Undeniable applause has been showered upon the interior and education ministries for their unwavering dedication to diminish the prevalence of alcohol consumption at farewell celebrations for retiring officials. This tends to occur extensively at the cusp of each month’s completion. Such a policy has been evident for almost a decade; seven years to be precise. Its conception can be credited to the tenacious efforts from the Thai Health Promotion Foundation, the Office of the Basic Education Commission, the StopDrink Network Office, and a coalition of educators vehemently championing for a society completely devoid of alcohol.
The indispensable role of the interior ministry in promoting this, inarguably, innovative policy has remained intact throughout this period. This has been reiterated by the ministry’s permanent secretary, Suttipong Juljarern, through an uncompromising directive addressed to provincial governors and heads of agencies affiliated with the ministry’s jurisdiction on the 28th of August.
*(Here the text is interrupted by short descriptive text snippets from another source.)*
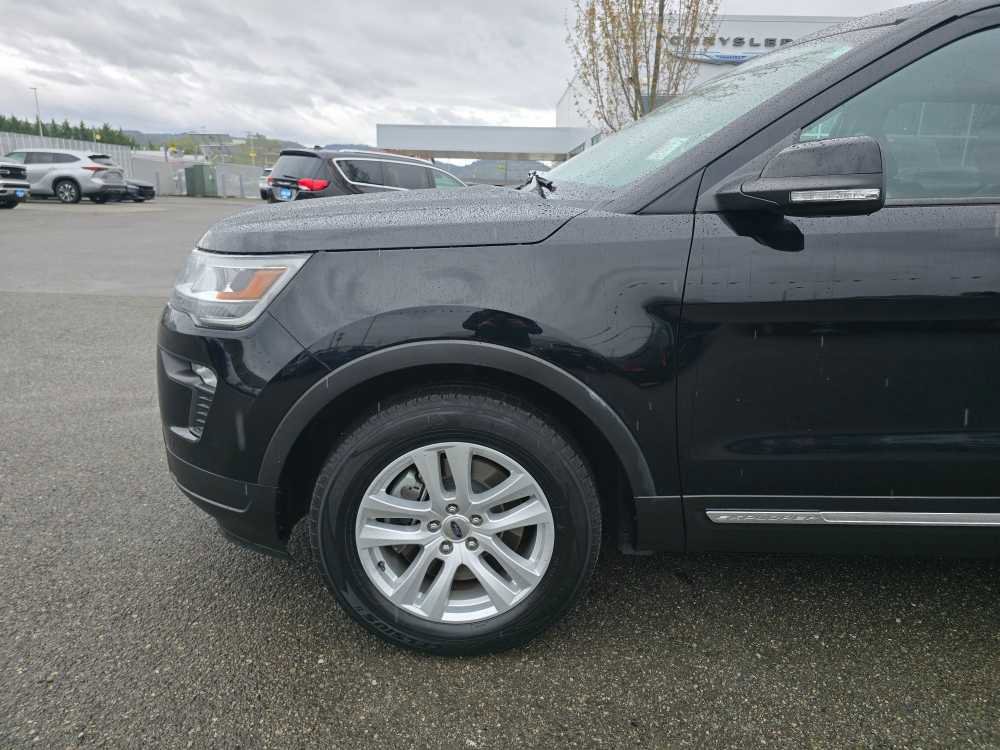 Used 2018 Ford Explorer XLT w/ Equipment Group 202A AWD/4WD image 19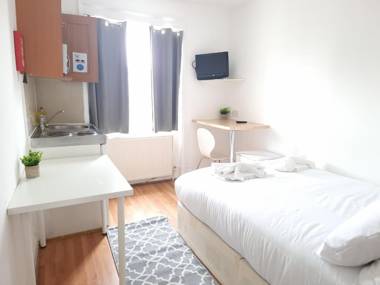 F20- 4TH Floor Studio Fits 2 Near Paddington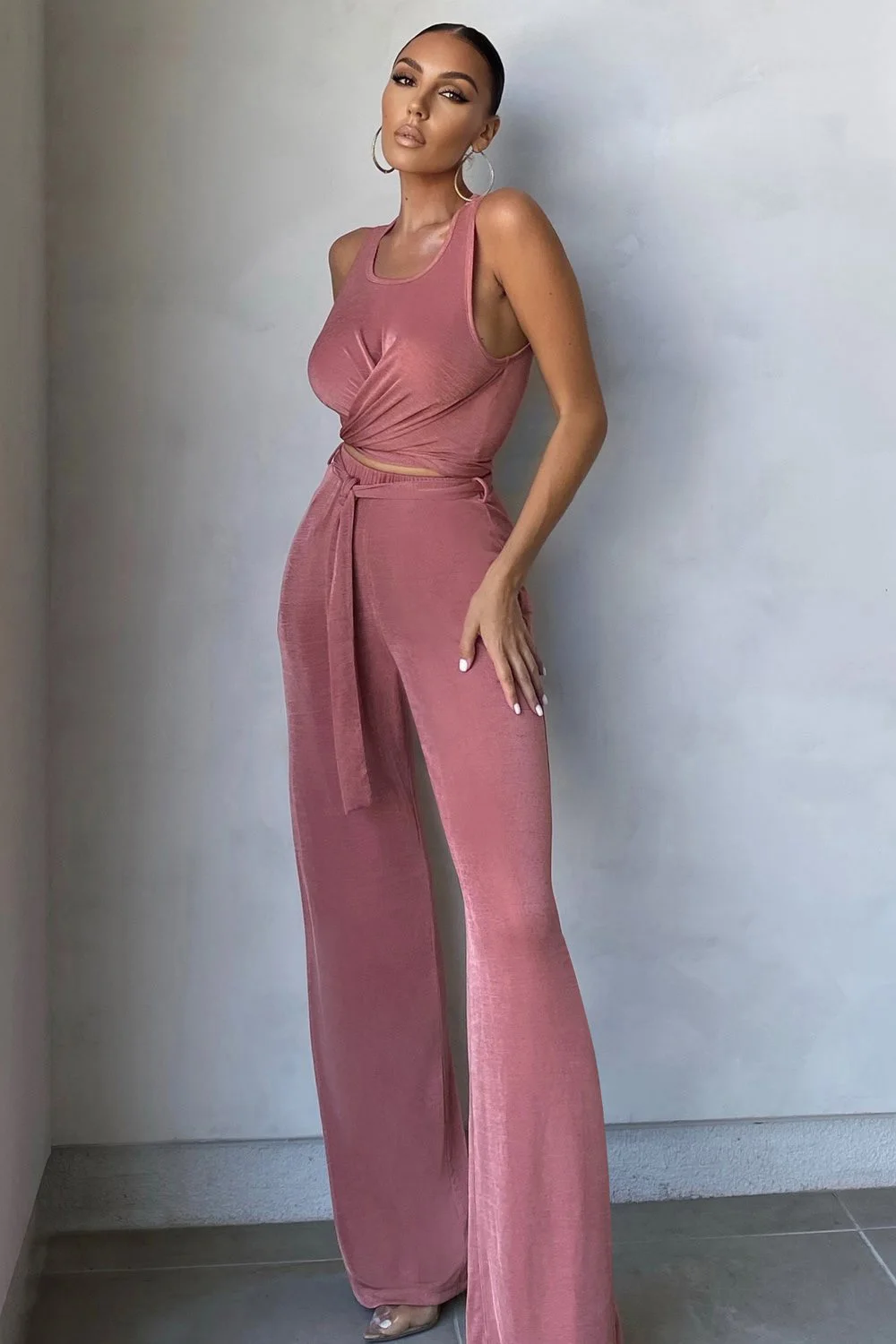 2021 summer new boutique solid color women's sexy casual street two-piece suit, gym sportswear two-piece suit
2021 summer new boutique solid color women's sexy casual street two-piece suit, gym sportswear two-piece suit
Similar sentiments were echoed by the deputy permanent secretary at the Education Ministry, Suthin Kaewpana, who issued an identical policy direction on the subsequent day. The director of the StopDrink Network Office, Theera Watcharapranee, expressed his satisfaction upon seeing the policy’s effect. The rising number of retirement parties being organised with the absence of alcohol serves as resounding proof to the effectiveness of these measures.
“The campaigns have undoubtedly paved the way for other organisations to follow. We further encourage these parties to contribute photos and testimonials to our Facebook page, effectively promoting a healthier lifestyle,” added Mr. Theera.
The country’s alcohol consumption largely veers towards adult men, with a staggering 16 million Thai population indulging in alcoholic beverages, and 46.4% of them being men. This scenario, however, appears to have a silver lining. The number of male drinkers has begun to show signs of a decline, whereas that of female drinkers has been on a slow ascent.
Concurrently, the adolescent demographic between the ages of 15 and 19 engaging in alcohol consumption is also witnessing a gradual reduction. Even though a few who initiate drinking at a tender age tend to sustain the practice, their flock seems to be dwindling.
However, a major concern is that despite the stern legal restrictions against advertising alcoholic beverages, the producers are using creative strategies to target women and young individuals by skirting around the traditional advertising laws and instead utilising online marketing. “This shift in target demographic is a potential threat we need to keenly observe,” warned Mr. Theera.